I really connect with your fear about falling short as a dad. For me, I think (hope) I’m in the opposite position as far as at what age group that occurs in. In the back of my mind I have the old adage “they are at 50 the way they were at 5”. In other words, those first five years are the most formative. Having 3 under 7, I’m a nervous wreck that I don’t screw them up. I’m hoping that pressure will subside over time as I realize the damage has already been done…now all I can do is play catch up.
What really stops me in my tracks is the (mostly) universal fact that Fathers represent the man a son grows up to become and husband a daughter grows up to marry (the reverse is true for Mom’s). Kinda brings some veracity to the biblical idea that sins travel down the generations…but also that faithful walking with God transcends generations as well. Look at your own family tree and you’ll see lots of evidence of that notion!
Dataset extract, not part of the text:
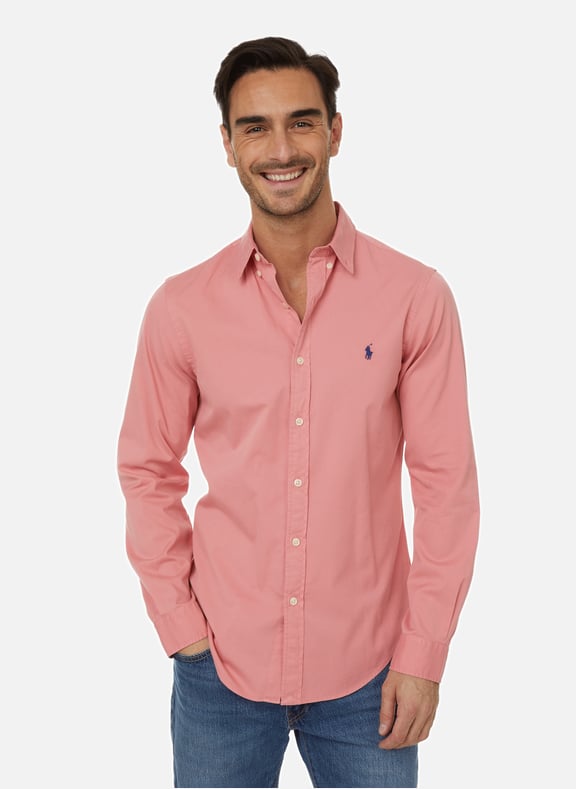 Chemise en coton Rose by POLO RALPH LAUREN POLO RALPH LAUREN Chemise en coton Rose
I wouldn’t worry though, Tim. You and Sarah are GREAT parents and I’m thankful for the way you model parenthood. I remember visiting about 6 years ago, and hearing Sarah say “we’re a family that hugs” while grabbing a very willing Jake in her arms. I thought “I can’t believe at his age that he’s still willing to snuggle his momma like that!” The point…you model unconditional love for your kids, and the fact that you might mess up sometimes can’t diminish the impact of that love. You two have set a standard the we all hope to live up to.
I guess I’m thinking too far ahead, because I’m already feeling some of this and I’m still just in the couch-slamming phase…
There’s a weird process that goes on in adolescent minds, where you notice parental failures and grasp them too tightly. Mostly because you think that once you become an adult, you have everything figured out and know how to refrain from mistake-making. I think this ends up being a blessing though. The things I held onto as a teenager were then readily accessible when my mind was developed enough to understand grace a little better. And instead of holding my parents failures against them, they became a pretty wonderful picture of how it’s okay to fail.
So regardless of what your kids do in response to your failures in the short-term, I’m pretty confident that like all of us, they’ll shortly grow into adults who appreciate parents who loved them through failures, and showed them how to graciously handle being imperfect. Maybe it’s just me, but it always meant more to be loved when I felt embarrassingly inadequate than it did to be praised for doing something right…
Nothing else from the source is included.